An estimation strategy is to assume that \(g(\mathbf{x}_i;\boldsymbol\theta)\) can be proxied by \(\tilde{\boldsymbol\theta}'\mathbf{x}_i\) and to run a linear regression to estimate \(\tilde{\boldsymbol\theta}\) (a situation called Linear Probability Model, LPM): \[ y_i = \tilde{\boldsymbol\theta}'\mathbf{x}_i + \varepsilon_i. \] Notwithstanding the fact that this specification does not exclude negative probabilities or probabilities greater than one, it could be compatible with the assumption of zero conditional mean (Hypothesis 4.2) and with the assumption of non-correlated residuals (Hypothesis 4.4), but more difficultly with the homoskedasticity assumption (Hypothesis 4.3). Moreover, the \(\varepsilon_i\)’s cannot be Gaussian (because \(y_i \in \{0,1\}\)). Hence, using a linear regression to study the relationship between \(\mathbf{x}_i\) and \(y_i\) can be consistent but it is inefficient.

Figure 7.1 illustrates the fit resulting from an application of the LPM model to binary (dependent) variables.

Fitting a binary variable with a linear model (Linear Probability Model, LPM). The model is $\mathbb{P}(y_i=1|x_i)=\Phi(0.5+2x_i)$, where $\Phi$ is the c.d.f. of the normal distribution and where $x_i \sim \,i.i.d.\,\mathcal{N}(0,1)$.

Figure 7.1: Fitting a binary variable with a linear model (Linear Probability Model, LPM).
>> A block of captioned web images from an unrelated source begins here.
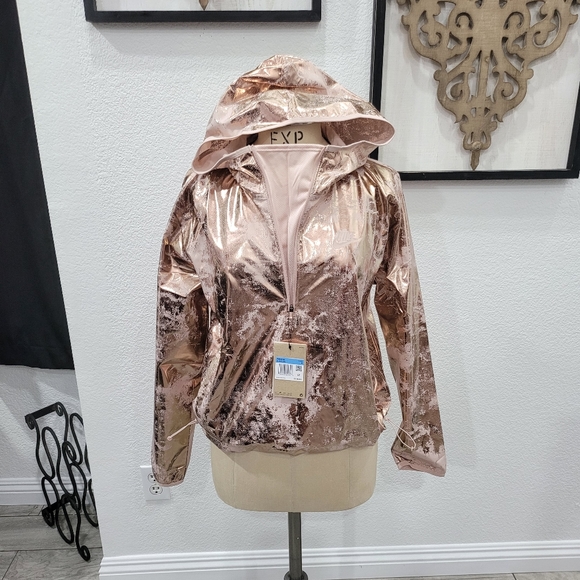 Nike Jackets & Blazers - ❣️Nike Air rose gold half zip up jacket size small (fits a medium)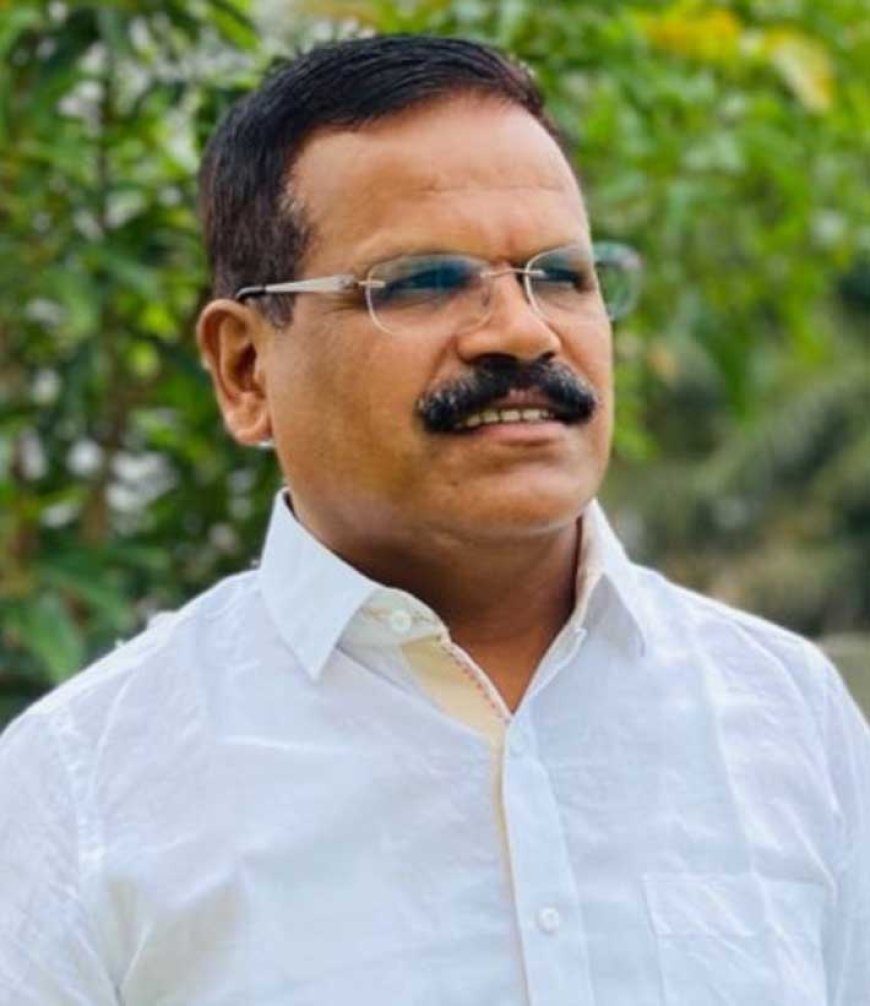 राजेंद्र साहू ने मूणत और बृजमोहन को दिया जवाब, कहा- सरकारी जमीन हड़पने वाले पूर्व मंत्री को गरीबों के लिए चिंता जताना शोभा नहीं देता, राजनीति चमकाने झूठ का सहारा ले रहे भाजपा नेता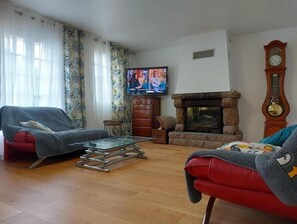 Smart TV, fireplace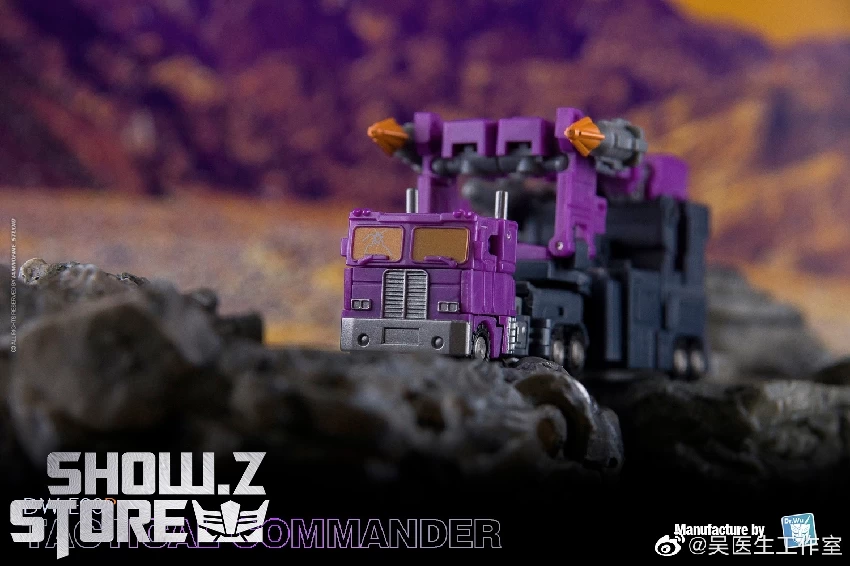 Dr.Wu DW-E23P Tactical Commander Ultra Magnus Purple Version W/o Inner Robot - Image 3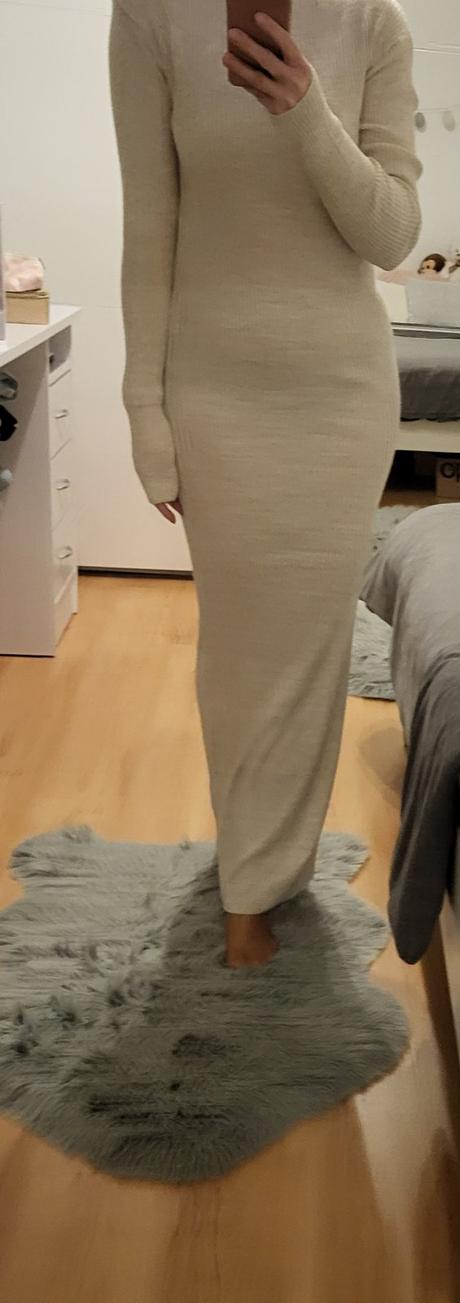 Uni dlhe svetrove saty, 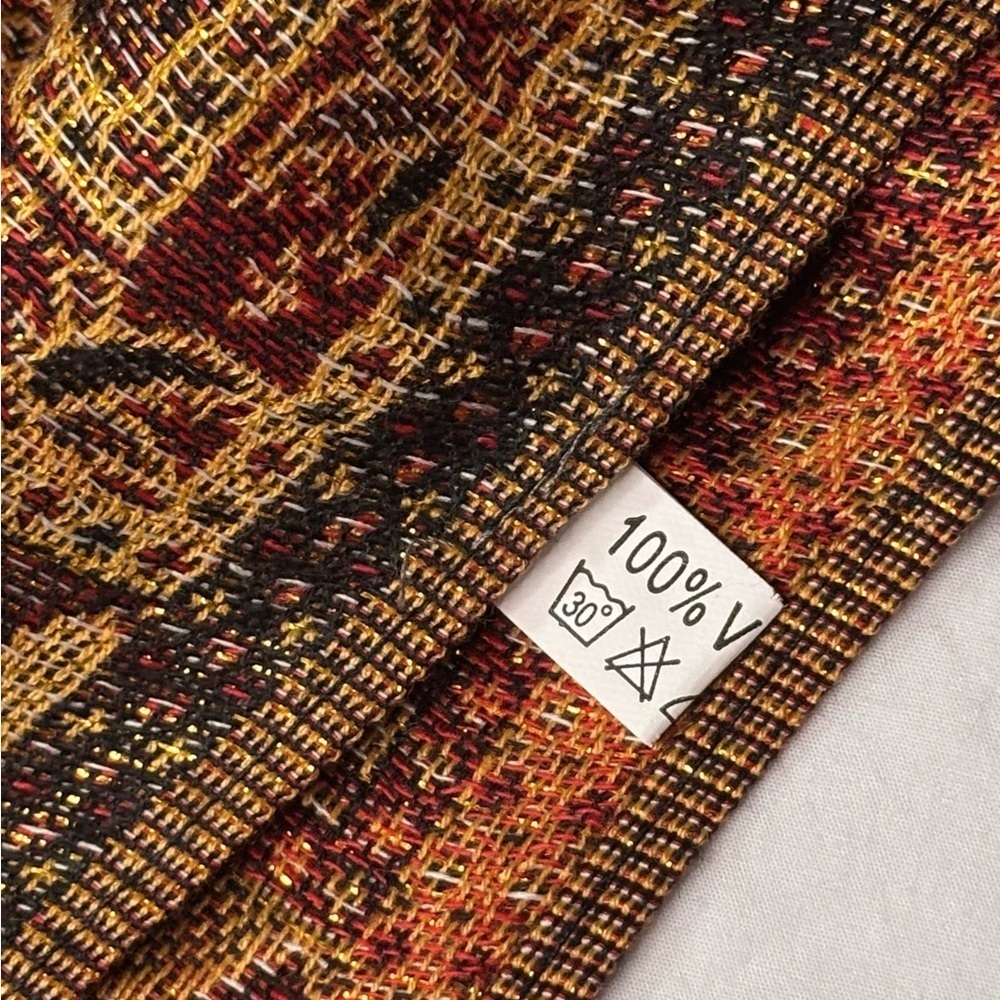Elegant Paisley Burgundy & Gold  Shawl/Wrap/Scarf  with Fringe - Picture 6 of 7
The model is \(\mathbb{P}(y_i=1|x_i)=\Phi(0.5+2x_i)\), where \(\Phi\) is the c.d.f. of the normal distribution and where \(x_i \sim \,i.i.d.\,\mathcal{N}(0,1)\).
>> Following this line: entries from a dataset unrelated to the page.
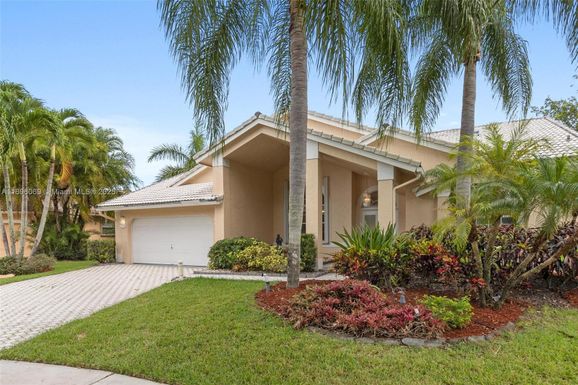 6543 NW 72nd Pl, Parkland FL 33067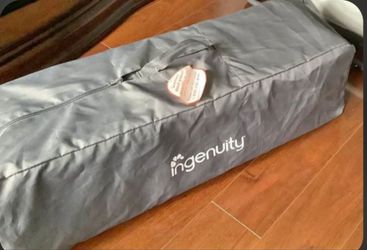 Brand new beautiful pack n play and changing table and bassinet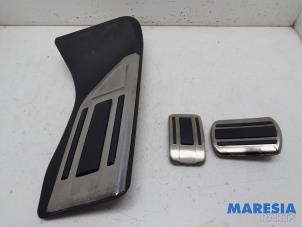 Gebruikte Pedalen Set Peugeot 3008 II (M4/MC/MJ/MR) 1.2 12V e-THP PureTech 130 Prijs € 35,00 Margeregeling aangeboden door Maresia Parts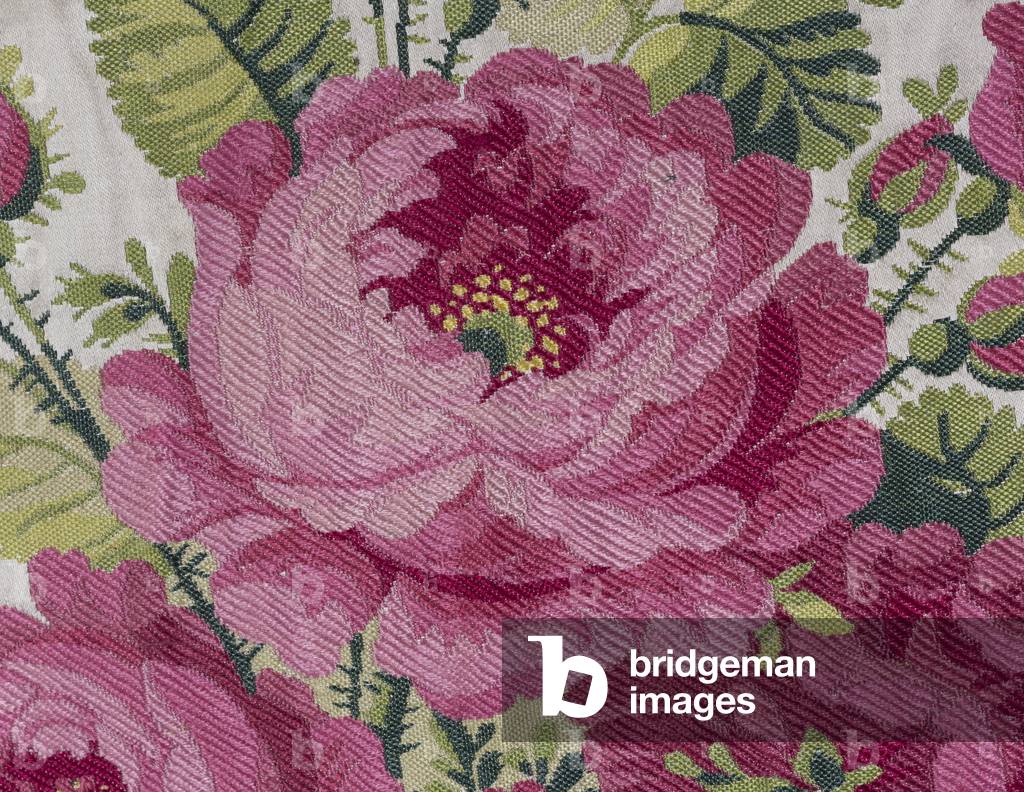 Embroidered silk screed given by Louis-Philippe in 1838 in the chapter of the cathedral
Except for its last row (LPM case), Table 7.1 provides examples of functions \(g\) valued in \([0,1]\), and that can therefore used in models of the type: \(\mathbb{P}(y_i=1|\mathbf{x}_i;\boldsymbol\theta) = g(\boldsymbol\theta'\mathbf{x}_i)\) (see Eq. (7.1)). The “linear” case is given for comparison, but note that it does not satisfy \(g(\boldsymbol\theta'\mathbf{x}_i) \in [0,1]\) for any value of \(\boldsymbol\theta'\mathbf{x}_i\).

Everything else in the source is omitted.